If you’re not clear on something, how do you know what to do?  In the moment, without trying things out or making mistakes, you don’t.  And more often than not a company will blame the people, when in fact the real reason for mistakes is those people just aren’t clear on exactly what it is they have to do.

And here’s a fun fact: a recent study from Gallup Business Journal found more than 50% of U.S. employees aren’t clear on what is expected of them at work.  Maybe it’s not so much “fun” as it is just a “fact” – especially if you’ve ever experienced it yourself.  It’s like someone telling you to run faster but not telling you where you need to run to.  Not having a clear objective, not having something to aim for or work towards can have a serious impact on the engagement in your team.
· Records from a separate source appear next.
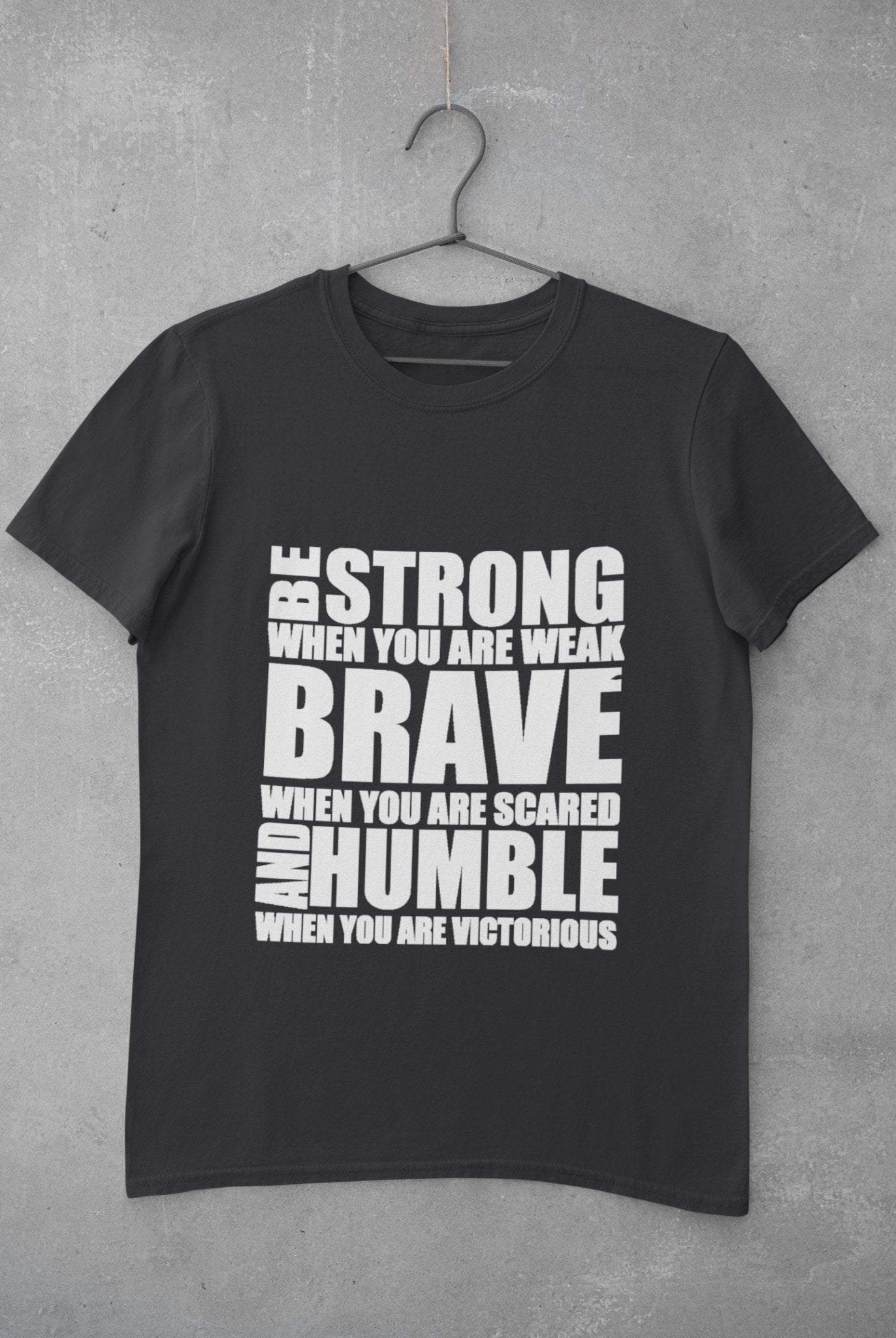 Be Strong Mens Half Sleeves T-shirt- FunkyTeesClub - Funky Tees Club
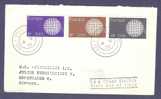 Ireland 1970 FDC Cover Sent To Denmark Europa CEPT - FDC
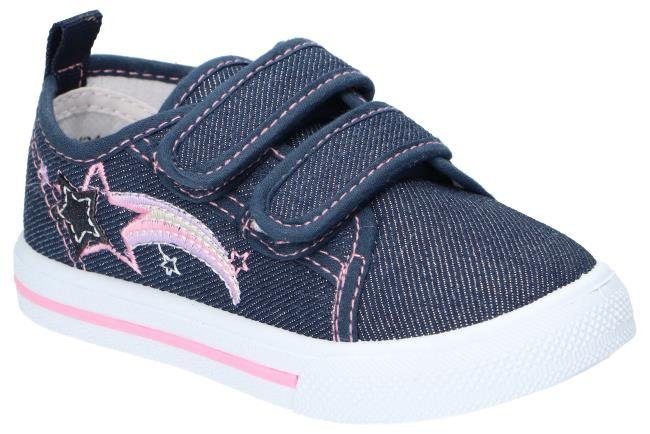 AMERICAN CLUB TEN139 KAPCIE TRAMPKI DZIECIĘCE WKŁADKA SKÓRZANA NA RZEP NAVY 24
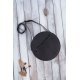 Geanta dama, rotunda, de umar, piele intoarsa neagra, vintage, Lethia Geanta dama, rotunda, de umar, piele intoarsa neagra, vintage, Lethia 3 - jojofashion.ro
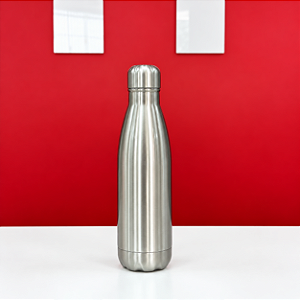 Garrafa Inox Cola Térmica Prata 500ml - Ref 1963- LiveSub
A clear objective was also one of the keys to improving results in executives by 35% in Albert Humphrey’s paper on SWOT analysis (being Strengths, Weaknesses, Opportunities and Threats to a business).  Just being clear on where you wanted people to head helped them improve.

If you’re navigating a ship or flying a plane, can you imagine not having a destination in mind?  Well that’s the way most teams operate before working with Ease of Use and Lean CX – they simply run on whatever problem is most pressing at the moment and do their best to put out that immediate fire.  They don’t look at where they’re actually heading.

So give your people clarity.  Make sure they have a clear objective, know what is required, and know the steps to get there.  It will have a huge impact on the engagement and profit of your teams.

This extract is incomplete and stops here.